AI has been awful on Reddit.
I've acquired a sense for at least some of the bots. There's this set of bots that post a high-engagement post about once a day to an implausibly large range of subreddits, with implausible regularity. I can tell by the way I remove them and the way that the other subs are mostly not that most subs have not figured this out yet.
There is an obvious solution to that problem, which I haven't wanted to put out there, but I've become increasingly suspicious that it's already been figured out anyhow, which is to limit a specific user account to a specific "persona" with plausible interests and posting rates.
And that's where I think the race may well end, victory spammers. If there's a winning move against that in general I haven't figured it out.

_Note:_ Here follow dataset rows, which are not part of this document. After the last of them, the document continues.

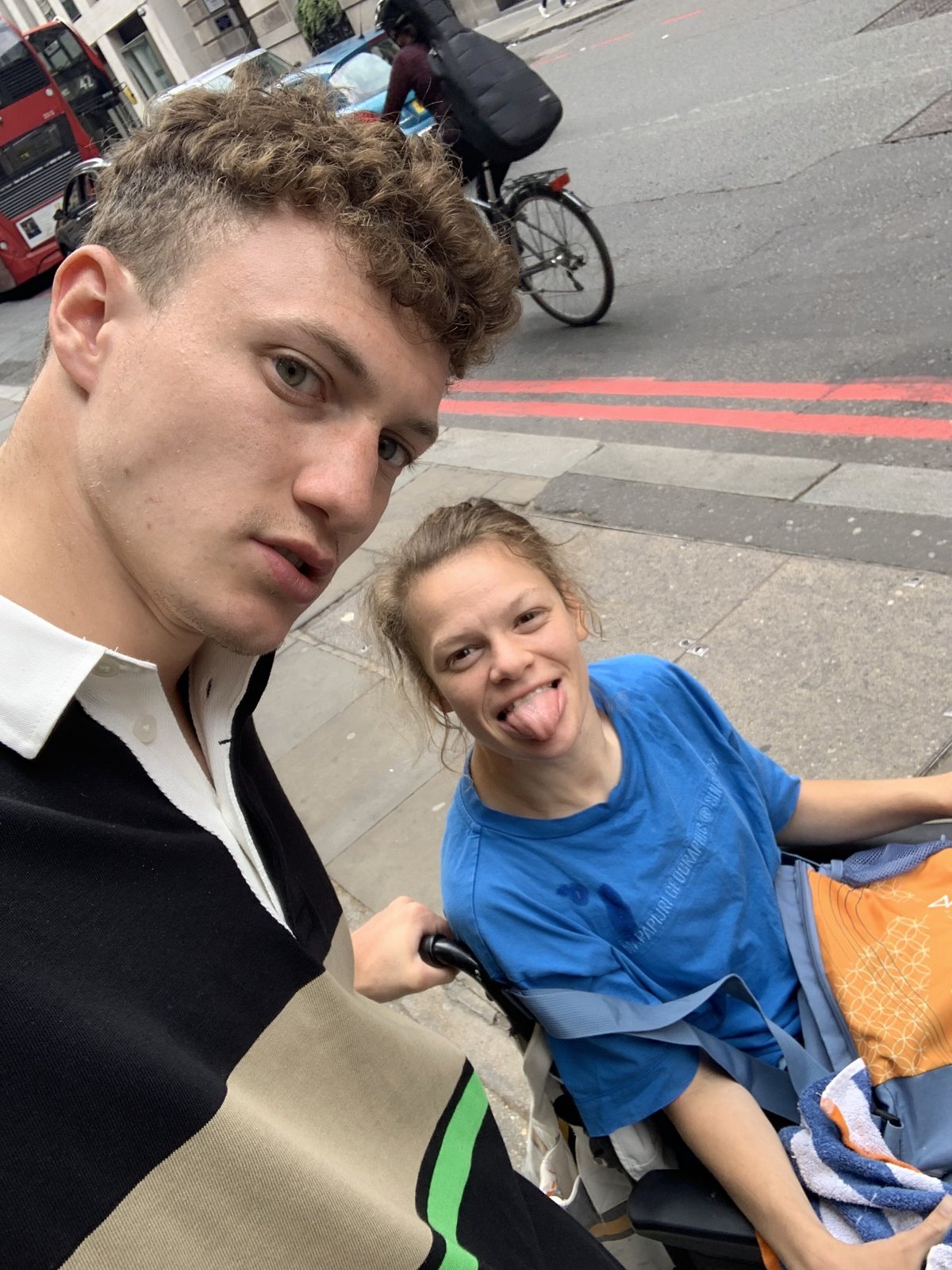 Team GB diver Noah Williams to run London Marathon for doctors who helped save his sister's life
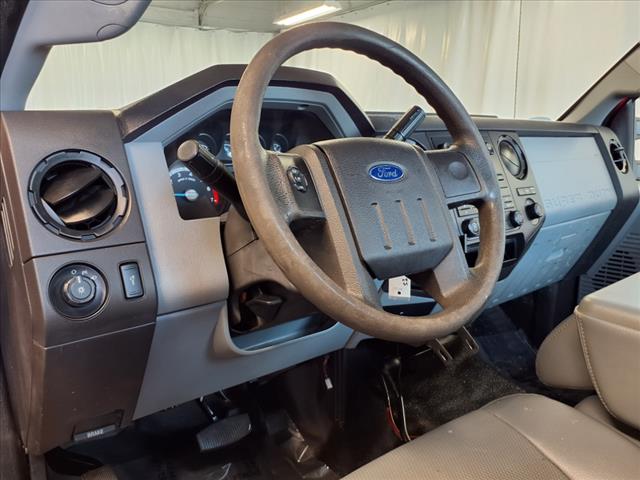 2015 Ford F-250 Super Duty XL
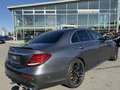 Mercedes-Benz E 63 AMG S/4-MATIC+/KERAMIK/FULL CARBON/TV/360° Grey - thumbnail 5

I know reddit is concerned about this at the corporate level but I'm not sure they realize this is possibly their #1 threat, towering above all others. Not that I have any specific suggestions about what to do about it either. And it's years before the masses realize this and stop visiting, and by the time that happens all the social media companies are going to be in trouble for the same reason. You can see the leading edge here on HN but it's still only an almost negligible fraction of the total userbase of something like Reddit today. But that will change.
Out of curiosity, has anyone noticed a non-negligible presence of bots in threads on HN? I haven't, but I'm not sure if that's because I'm bad at spotting them or because HN is good at getting rid of them or because HN is a niche platform.
Considering reddit now allows you to hide your post history, I don't know if the admins consider bots to be the giant problem that they certainly are.